Blog 2 - USSR Propaganda
The above Soviet Russian poster is a visual depiction of the Soviet call for the liberation and independence of the world's colonised peoples during the first phase of decolonisation. Lenin and the Soviets were one of the most powerful driving forces in the political opposition towards colonial powers after the First World War. It was a call for not just the dismantling of Western capitalist states and their hegemonic control of the colonised world, but also a call that emphasised the significance of a united universal proletariat - a class-conscious group of comrades, not defined or limited by race, gender or creed. Rather, they were united in their common dream of a classless society, ridden from the terrors that was the capitalist ‘exploitation of man by man’.
This supposed unity and camaraderie is exactly how Dada, an Indian man living in America, is shipped to Russia for his Marxist education. How else may have the son of a labourer from Rawalpindi have made it to a University in Moscow? It wasn’t through some magical rags to riches fairy-tale, but through the international network of communists assisting these young students, with big dreams of the liberation of their homelands.
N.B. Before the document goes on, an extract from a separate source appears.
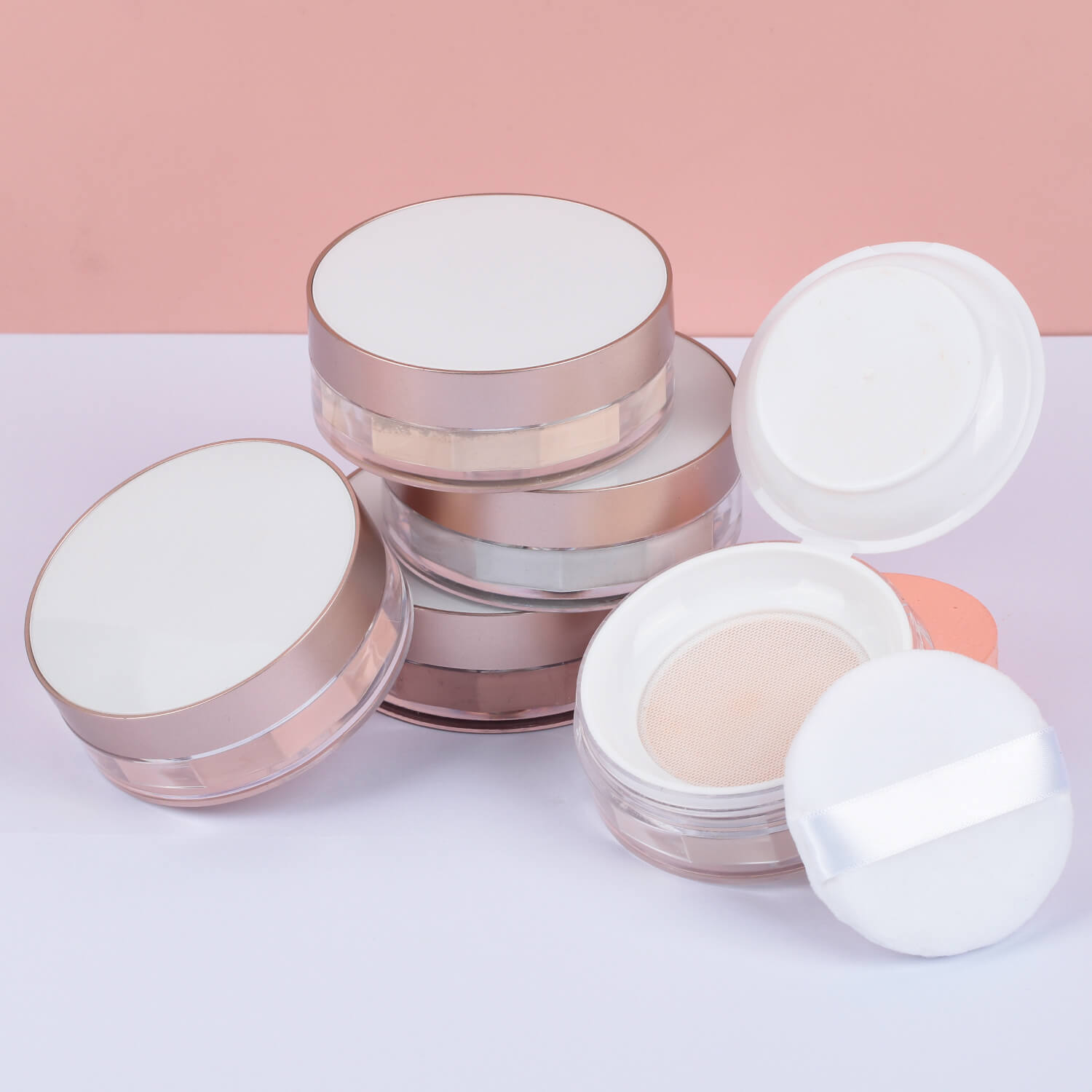 Customizable Waterproof Mineral Makeup Loose Powder Matte Highlighter Setting Powder Oil Control Long Lasting Private Label OEM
And as Dada puts it, it was a vision to witness. Students of various ages, ethnicities, and physical abilities united in the struggle to decide their own fate. He mentions the sight of Black men strolling alongside, often flirting with, white women- a sight that was outlawed in the Western capitalist lands of America, but was somehow never frowned upon in these Moscow streets.
But is unity all it takes to undo the parasitic actions of these Europeans? To get lost in this talk of unity and camaraderie would be too simplistic, for building this 'universal' idea of the proletariat is not so straight-forward. To illustrate, consider our reading of Mckay. He is a poet visiting Moscow as an unofficial visitor of the American Communist Party, but is somehow received in public with surprising enthusiasm and given much importance in meetings that did not concern him. While Mckay was charmed by the attention and claims it made him ‘a black icon’, re-reading this text today shouldn’t hide the racial undertones- that he was after all, different. His exotification placed him as an object, a singular symbol of a distant idea of the black man. ‘What could this strange creature tell us about his people?’, they seemed to say. Their actions made it clear they had no patience to understand the complexity of the African people and their struggles, and just as the colonisers have, they treated him not as a human being just like themselves. It should then not be ignored how the supposed ‘unity’ under communism chooses to ignore race.
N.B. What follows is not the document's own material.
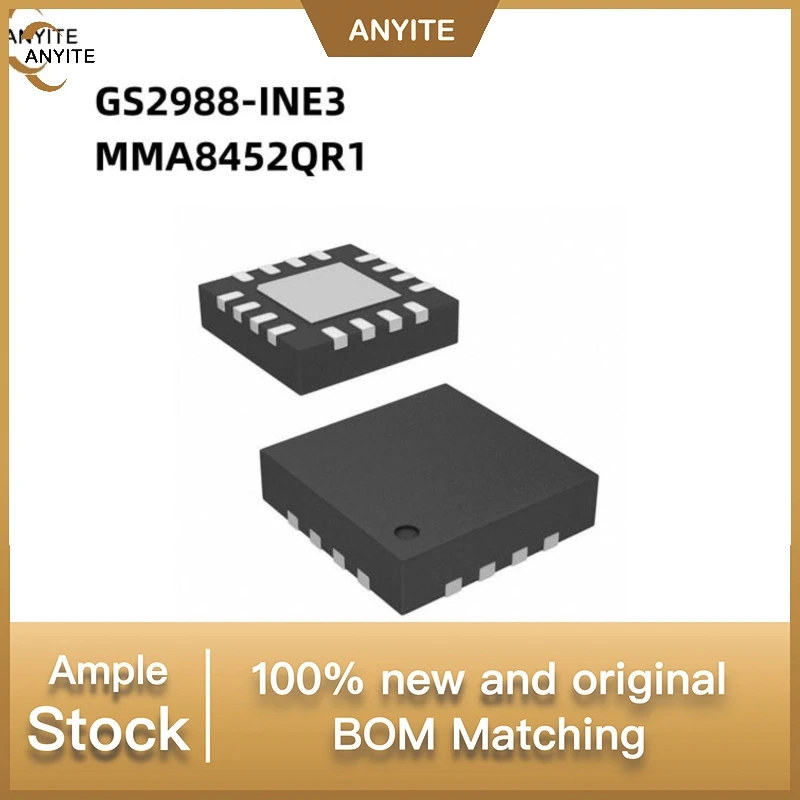 10Pcs/Lot New  GS2988-INE3  GS2988INE3 GS2988 2988   MMA8452QR1  MMA8452QR  MMA8452 8452   QFN-16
And so, it would be good to ask, what does this Soviet poster of an Indian man shoving his coloniser off the map of Goa above bold Russian letters really mean for the decolonisation of India? Or the decolonisation of all colonies at large, even? Should the face of Indian, African or East-Asian Liberation be shadowed under the bright bold letters of a Russian Communist State? If we are to dissect what decolonization means for a people left stripped of their culture and identity for hundreds of years under a foreign regime, is it not the reconciliation of that very identity at the core of what it means to be liberated?
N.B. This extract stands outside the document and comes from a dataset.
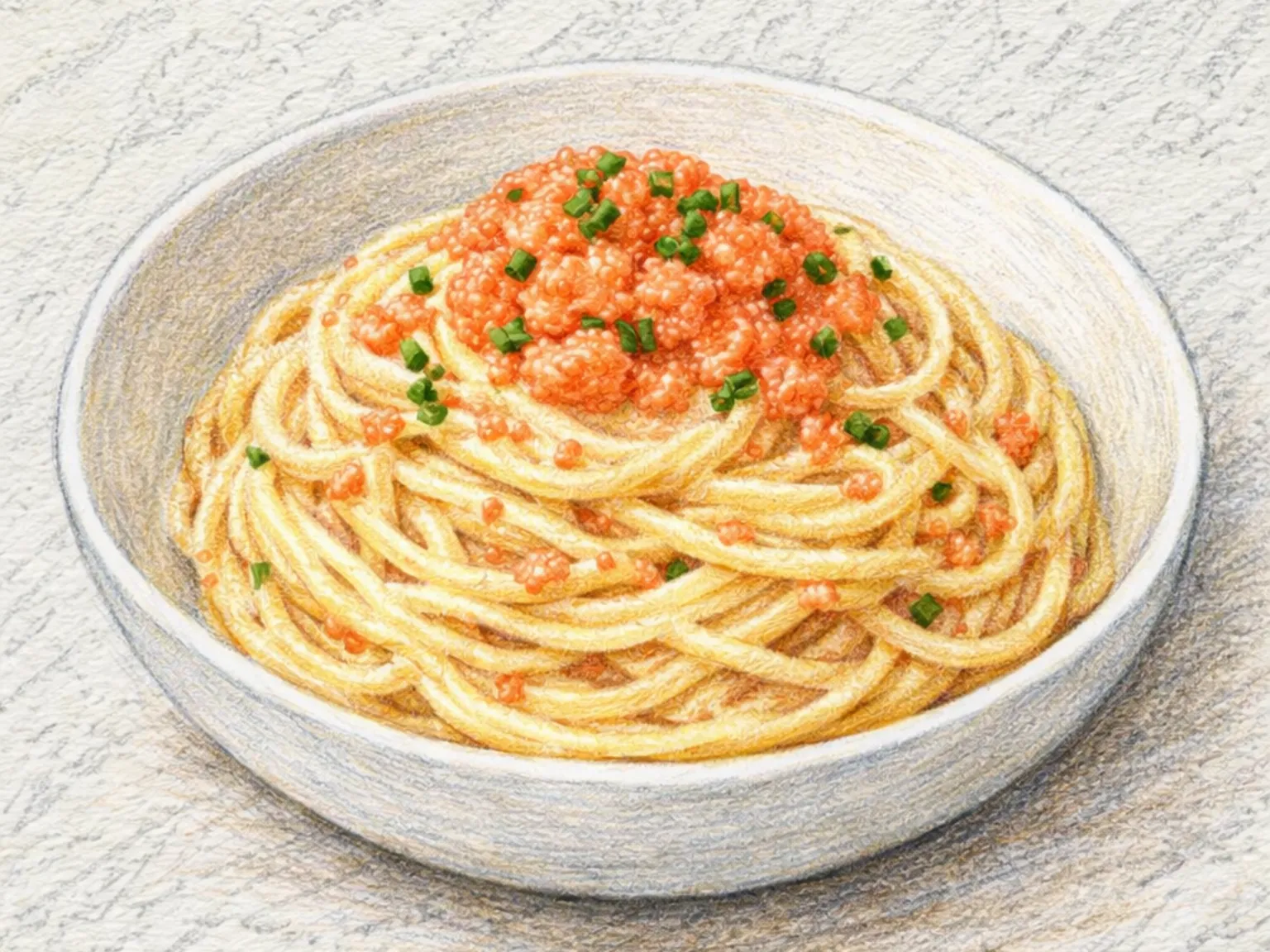 Mentaiko Cream Pasta (pasta de crema con huevas de abadejo)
As John Stewart Locke wrote so callously of the colonised people, “They have no history in the East”. Colonisers like Locke have suppressed the East for centuries, and have justified it by propagating that their customs, their religion, and their culture are to blame for their stagnation; for their inability to govern themselves. How are we to erase this racism from our nationhood if not by recounting that earlier identity- the un-suppressed, unapologetic indigenous identity of the colonised? How can the USSR lead that struggle for the black man when he himself gawks at the sight of one? How can the USSR lead that struggle for the Indian man if he knows not what it means to be one? If the colonisation of a nation started with the force of a white man, it certainly cannot end in the hands of more white men. Despite the sincerity of the USSR’s support for the anti-colonial struggle, it cannot be forgotten that their efforts were also tied into the goal of creating national pride and prestige. They were set to have established a hierarchy one way or another, with the USSR as the beacon of light for the world. This is perhaps the issue, that the proletariat cannot be universal- unity in the hopes of a universal communist regime runs the risk of erasing centuries of violence, of culture, and of history. In order to undo what has been done by colonisers such as Locke, we cannot allow that history to be erased- it must be protected. Maybe then we should hope to see the poster of an Indian man shoving his colonsier off the map of Goa under sanskrit letters.